Son mysticisme apparent, qui succède à un athéisme affirmé, peut surprendre. Il me semble que c'est une réaction devant l'immensité impénétrable du tout, le grand ordre qui ne sait pas se traduire, mais qui sous-tend tout et dont il se sent un morceau infime. C'est aussi certainement un choix pratique de lutte contre la dissolution morale qu'il constate chez les nazis et les Soviétiques. Il n'y a jamais là une idée de salut, mais une simple modestie quant à la place de l'homme et à ses capacités. "Le mal appartient à l'être, à la nature intérieure " dit-il.
Ceci me fait revenir au rapport particulier qu'entretient EJ avec la raison humaine et ses oeuvres. Il n'abjure pas la science dont le moteur intellectuel est la raison, il lui refuse l'espoir d'être la voie de la connaissance du tout dont il ressent la présence au fond de tout ce qu'il observe du monde, en particulier comme entomologiste et qu'il appelle sa "métaphysique". Il dira, par exemple, du darwinisme qu'il parle du fil enchevêtré de l'évolution, mais qu'il ne dit rien de la bobine autour de laquelle il s'enroule. Il est vrai que les systèmes philosophiques, les idéologies et les religions parlent de la bobine, mais avec si peu de légitimité et avec de tels dégâts qu'il vaut mieux les récuser. Il reste alors la liberté de l'être, son ouverture aux faits et sa réserve. Le "retour à la forêt" dit-il.
Il reste qu'EJ est un magnifique écrivain. Ses journaux se lisent et se relisent avec une attente renouvelée, car il nous parlent. Un peu comme Montaigne où on retrouve toujours un peu de soi, mais sur un autre registre. Deux livres qui figurent dans ma réserve ultime.

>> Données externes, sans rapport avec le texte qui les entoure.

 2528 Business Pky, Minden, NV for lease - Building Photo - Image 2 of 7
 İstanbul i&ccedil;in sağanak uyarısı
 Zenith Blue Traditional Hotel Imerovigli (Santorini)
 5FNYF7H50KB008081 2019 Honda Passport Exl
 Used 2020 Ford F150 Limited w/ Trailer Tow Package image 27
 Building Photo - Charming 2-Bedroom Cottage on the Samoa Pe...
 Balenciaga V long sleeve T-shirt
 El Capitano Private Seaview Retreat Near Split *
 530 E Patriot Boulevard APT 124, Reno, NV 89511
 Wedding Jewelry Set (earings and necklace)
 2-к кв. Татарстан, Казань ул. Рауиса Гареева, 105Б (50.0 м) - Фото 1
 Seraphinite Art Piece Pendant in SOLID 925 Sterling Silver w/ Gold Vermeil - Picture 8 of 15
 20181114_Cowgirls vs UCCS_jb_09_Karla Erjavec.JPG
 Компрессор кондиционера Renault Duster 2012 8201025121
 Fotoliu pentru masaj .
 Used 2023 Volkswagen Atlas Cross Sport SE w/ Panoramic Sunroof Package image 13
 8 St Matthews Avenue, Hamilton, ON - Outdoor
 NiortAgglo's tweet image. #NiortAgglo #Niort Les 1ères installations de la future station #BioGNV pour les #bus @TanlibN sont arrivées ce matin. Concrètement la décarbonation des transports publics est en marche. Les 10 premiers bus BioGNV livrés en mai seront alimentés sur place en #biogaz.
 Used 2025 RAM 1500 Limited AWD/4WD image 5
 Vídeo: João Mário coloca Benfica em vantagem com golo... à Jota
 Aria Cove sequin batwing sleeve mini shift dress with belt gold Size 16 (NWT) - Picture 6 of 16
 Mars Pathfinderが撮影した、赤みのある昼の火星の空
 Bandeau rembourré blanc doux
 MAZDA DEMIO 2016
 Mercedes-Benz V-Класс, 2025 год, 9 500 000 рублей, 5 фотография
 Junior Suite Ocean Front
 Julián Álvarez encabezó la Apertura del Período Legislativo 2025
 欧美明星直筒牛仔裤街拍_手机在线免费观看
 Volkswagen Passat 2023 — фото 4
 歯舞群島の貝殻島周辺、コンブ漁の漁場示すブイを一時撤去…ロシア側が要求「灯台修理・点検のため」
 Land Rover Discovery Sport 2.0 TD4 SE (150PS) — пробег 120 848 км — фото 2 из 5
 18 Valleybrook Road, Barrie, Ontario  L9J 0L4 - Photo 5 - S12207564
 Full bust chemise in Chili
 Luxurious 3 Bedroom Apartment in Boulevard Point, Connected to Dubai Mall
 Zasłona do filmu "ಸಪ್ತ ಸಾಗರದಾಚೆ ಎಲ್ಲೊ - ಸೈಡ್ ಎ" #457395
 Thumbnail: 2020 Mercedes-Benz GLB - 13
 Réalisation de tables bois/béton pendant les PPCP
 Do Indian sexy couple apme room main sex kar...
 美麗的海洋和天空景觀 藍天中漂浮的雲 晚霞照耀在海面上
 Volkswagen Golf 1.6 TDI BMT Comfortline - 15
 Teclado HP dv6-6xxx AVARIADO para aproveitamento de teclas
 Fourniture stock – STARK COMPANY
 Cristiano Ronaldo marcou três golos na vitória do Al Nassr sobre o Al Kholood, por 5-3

Il me semble exister une fraternité d'inquiétude paisible entre Ernst Jünger et Gabriel Fauré, au-delà des différences de métier, d'époques ou de cultures. L'un comme l'autre devinent la complexité du monde au delà de ce qu'en perçoivent les sens usuels des hommes ou de ce qu'ils en comprennent par leur raison. Une lumière juste, une structure parfaite, une beauté parfaite, qui ne se dévoilent ni aux émotions, ni à la raison, qui ne s'imposent pas, qui ne parlent ni au cœur, ni au corps et qui, cependant saturent l'attente de ceux qui en ont senti l'écho dans leur esprit.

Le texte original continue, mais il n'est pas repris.